**Exercise**
Search the entries for the word "pour" and copy each line that has it.

[[ Data provided open ]]

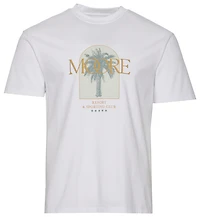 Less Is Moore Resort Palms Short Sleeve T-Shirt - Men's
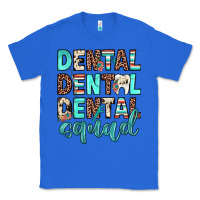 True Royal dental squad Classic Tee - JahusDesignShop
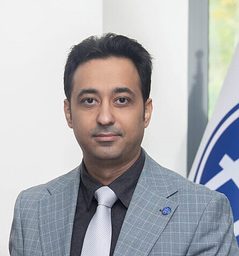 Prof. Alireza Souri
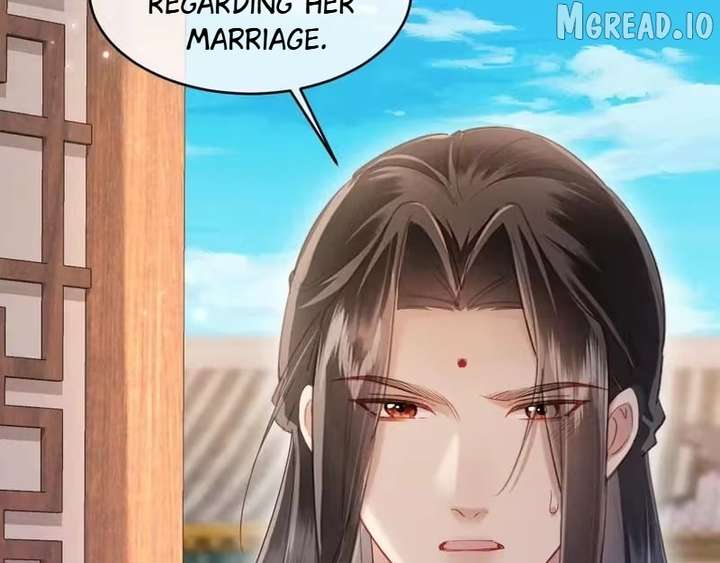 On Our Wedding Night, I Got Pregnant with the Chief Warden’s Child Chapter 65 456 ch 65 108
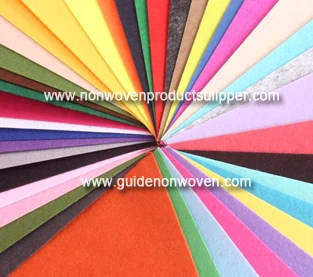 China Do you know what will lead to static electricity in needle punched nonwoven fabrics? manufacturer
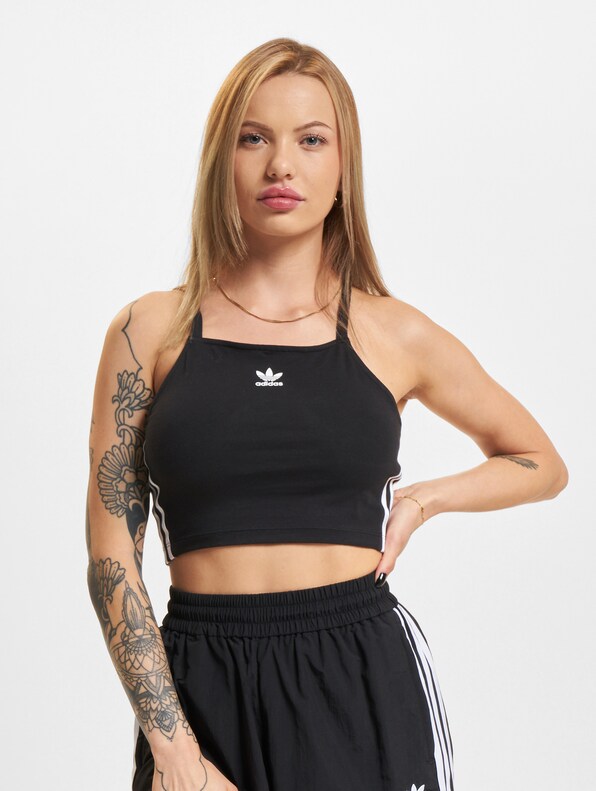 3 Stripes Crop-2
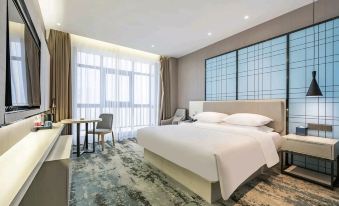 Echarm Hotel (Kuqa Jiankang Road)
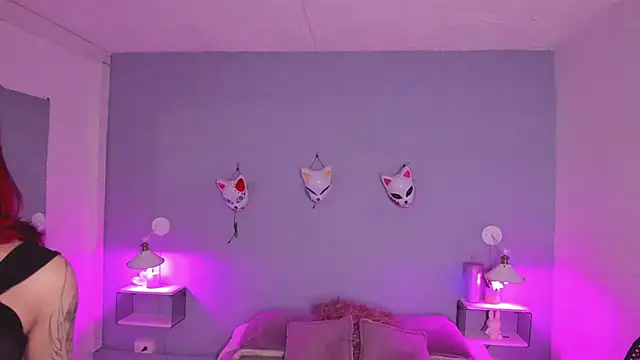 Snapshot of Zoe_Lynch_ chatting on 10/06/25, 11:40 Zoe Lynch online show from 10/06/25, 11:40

[[ Data provided closed ]]
[[ Data provided open ]]

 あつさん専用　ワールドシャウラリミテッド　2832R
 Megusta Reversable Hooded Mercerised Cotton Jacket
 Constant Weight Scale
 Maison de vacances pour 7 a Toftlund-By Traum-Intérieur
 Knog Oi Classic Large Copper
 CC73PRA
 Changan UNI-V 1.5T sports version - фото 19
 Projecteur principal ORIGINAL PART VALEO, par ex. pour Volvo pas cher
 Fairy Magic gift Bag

[[ Data provided closed ]]

**Result**
 Maison de vacances pour 7 a Toftlund-By Traum-Intérieur
 Projecteur principal ORIGINAL PART VALEO, par ex. pour Volvo pas cher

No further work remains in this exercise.